Cosa non deve fare mai un giocatore, un dirigente e un allenatore della Juventus?
«Nascondersi, se hai la maglia della Juve devi avere la personalità di metterci sempre la faccia, nel bene e nel male».
I tifosi della Juventus sono più difficili di altri tifosi in termini di aspettative e severità di giudizio?
«Sono viziati, nel senso buono del termine, perché sono abituati troppo bene a vincere.
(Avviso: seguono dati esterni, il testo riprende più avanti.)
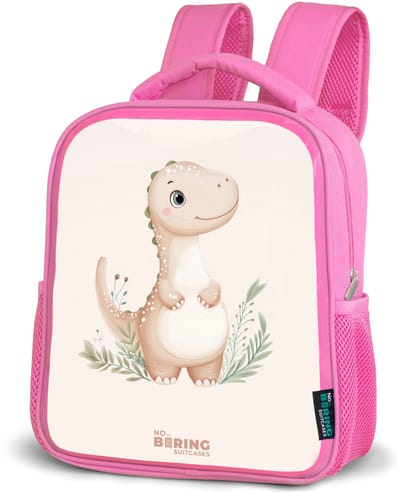 NoBoringSuitcases.com® - Rugzak roze - Schooltas meisjes - Beige dinosaurus met groene blaadjes - Kinder rugtas meisje - Boekentas kind - Kinderrugzak voor school - Schoolrugzak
Secondo me, rispetto ad altri tifosi digeriscono meno bene la sconfitta e sono meno pazienti quando le cose non vanno bene, ma non si esaltano troppo nelle vittorie perché, come dicevo prima, sono abituati».
Che cosa significa in termini di responsabilità avere la famiglia Agnelli alle spalle?
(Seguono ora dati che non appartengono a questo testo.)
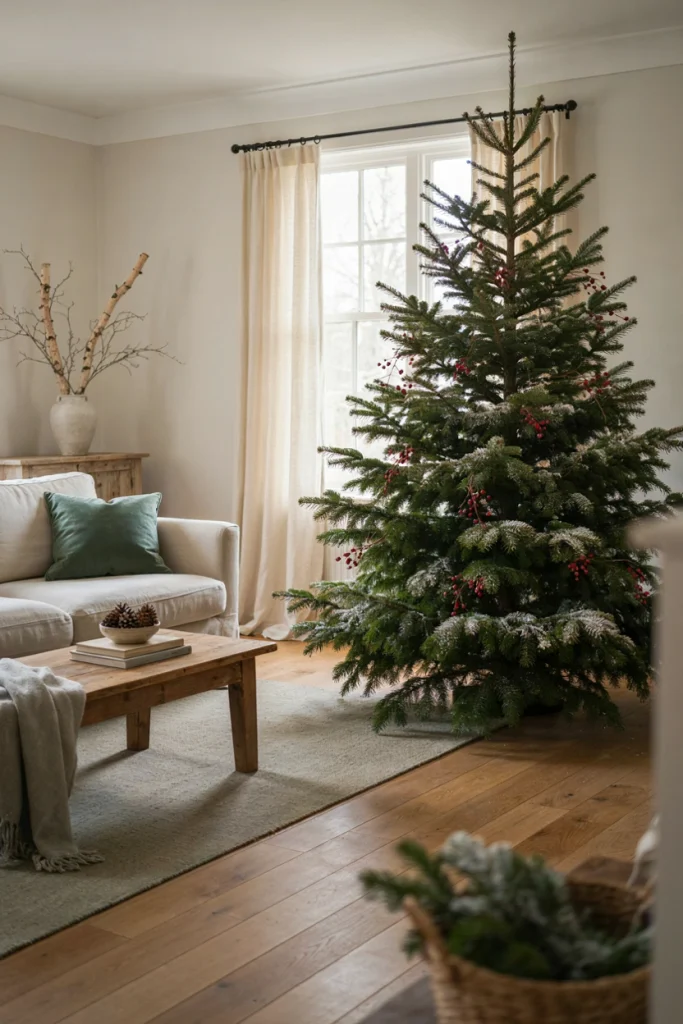 Frosted snowy pine branches and red berry stems woven into a farmhouse Christmas tree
«Loro ti danno tutto, ma pretendono tutto: sei la persona più curata di questa terra, soddisfano qualsiasi tua esigenza, ma pretendono che tu porti in giro i valori della società. Il comportamento e lo stile è fondamentale, vogliono essere accerchiati da persona competenti, capaci, che rispecchino i loro valori: quando venni scelto mi dissero che oltre alle qualità calcistiche contavano anche le mie qualità umane e morali».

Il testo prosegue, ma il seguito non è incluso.